Ostia anno zero
di L’INTELLETTUALE DISSIDENTE (Flaminia Camilletti)
Ne raccontava Pasolini del degrado di Ostia, per poi morirci in quel misterioso 2 Novembre del 1975. Due bimbetti, la campagna del litorale, la pecorella Rosina legata ad un palo e ritrovata morta, fatta fuori per la cena. Una sceneggiatura cruda che tratta della miseria più vera, di due fratelli che finiscono ad ammazzare il padre ubriacone per poi uccidersi a causa della gelosia per una donna. Furtarelli e miseria. Ostia era così, prima dell’eroina, prima della mafia e prima degli Spada. Il litorale di Roma era questo. Era così, per una precisa volontà. La Mafia arriva sempre dove lo Stato vuole che arrivi.
Negli anni trenta Ostia aveva un mare pulito, le famiglie romane ci si bagnavano e ci si passava l’estate. Poi ci fu la guerra e in seguito nulla fu più come prima. Ostia e le sue campagne erano state prese di mira da quelli che poi passarono alla storia come i palazzinari di Roma.
Tra la fine degli anni Sessanta e i primi anni Settanta la cementificazione compatta di Ostia Ponente vede la creazione di anonimi blocchi di edilizia economica e popolare e la proliferazione di edificazioni abusive nell’entroterra. Cemento, ma anche sabbia, con questa miscela furono costruite palazzine che oggi rischiano di crollare una ad una. A cominciare da quelle di Armellini, geometra e costruttore, scatenato e spericolato durante il boom economico getta letteralmente le fondamenta di quello che è destinato a diventare un impero immobiliare. Edifica in fretta e furia migliaia di appartamenti spesso con materiali di provenienza dubbia e al limite della legalità.

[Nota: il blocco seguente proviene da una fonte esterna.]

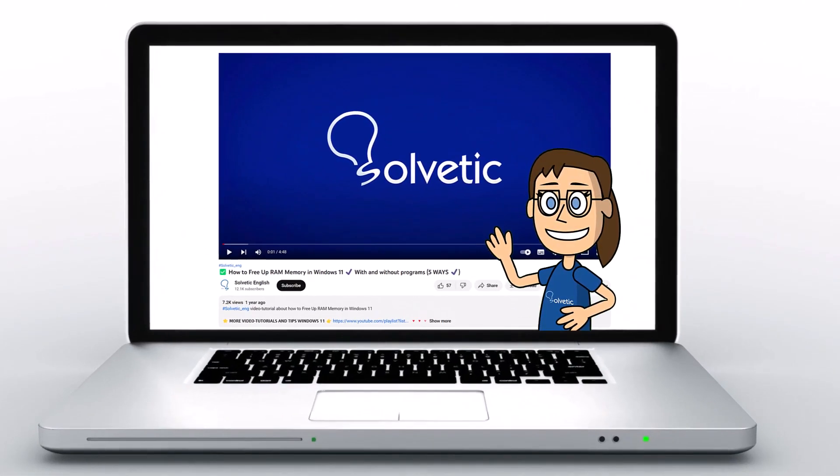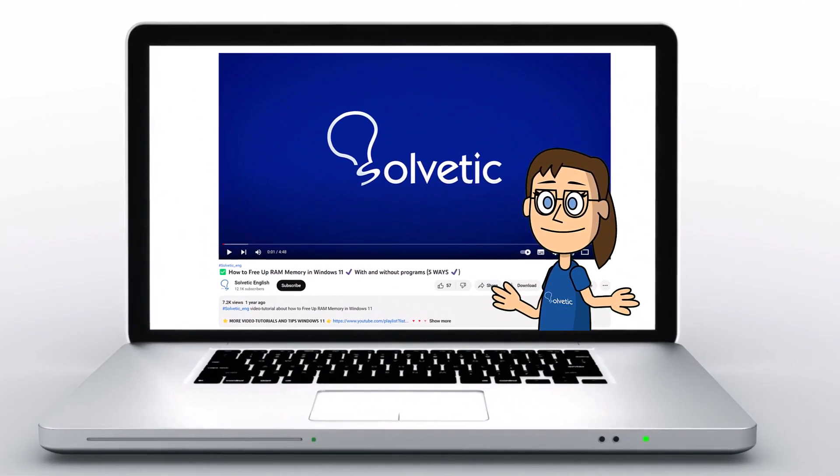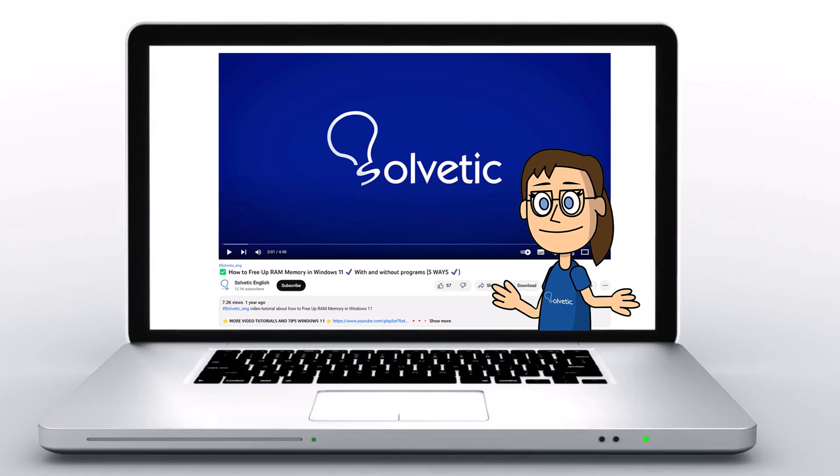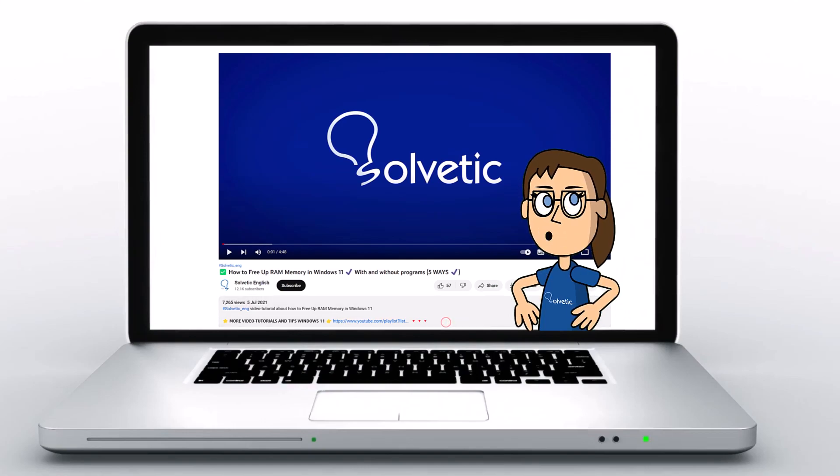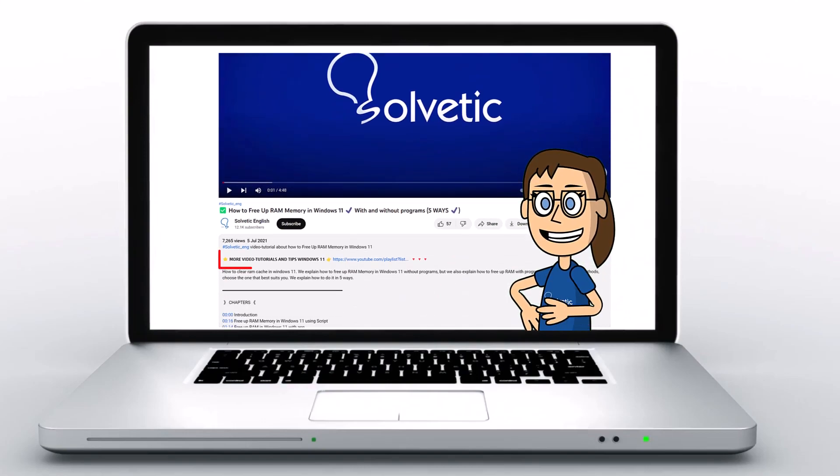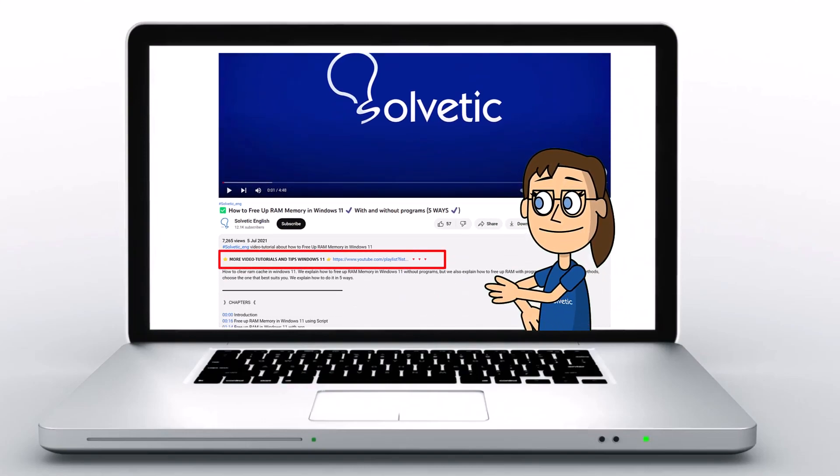Welcome to Solvetic, your channel to always learn technology easily. Below in the description you will find useful links we used in this video.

Lui è morto, annegato nel 1993 a causa di un arresto cardiaco, le sue case “di ricotta” come le chiamano tutt’oggi, sono ancora lì. Brutte e traballanti. Armellini era il tipo da realizzare un palazzone di nove piani in via Mantegna a Tor Marancia senza avere autorizzazioni, tanto poi con una semplice multa salata passava tutto. Non solo Armellini, tanti sono i costruttori ad aver speculato su Ostia creando delle vere e proprie favelas all’interno delle quali tra miseria e degrado, abbandonati da tutti, i clan cominciarono a formarsi. Non c’è da stupirsi poi se delinquenza e malaffare si siano mischiati alla politica, a Ostia come in altre periferie romane che hanno subito la stessa cementificazione senza scrupoli. Tor Sapienza, San Basilio, Roma 70, sono tantissime le periferie di Roma abbandonate ad una criminalità nata tra le mura di cemento alzate dai costruttori senza scrupoli negli anni sessanta.
I giornalisti parlano e scrivono dei clan, di Casapound e di tutti quei fatti che distolgono gli occhi da quella che è la vera realtà: gli artefici del declino di Ostia non sono né i fascisti del terzo millennio, né i clan mafiosi. Quelli, casomai, sono il frutto di un processo avviato da persone che oggi sono a capo di imperi editoriali, televisioni, sono politici di alto rango e miliardari finanziatori di campagne elettorali. Tutti seduti ai posti di potere, a capo di un Paese che sta sempre più affondando con un’opinione pubblica che mentre si intrattiene guardando Suburra e Gomorra, continua a credere sia tutta colpa dei fascisti.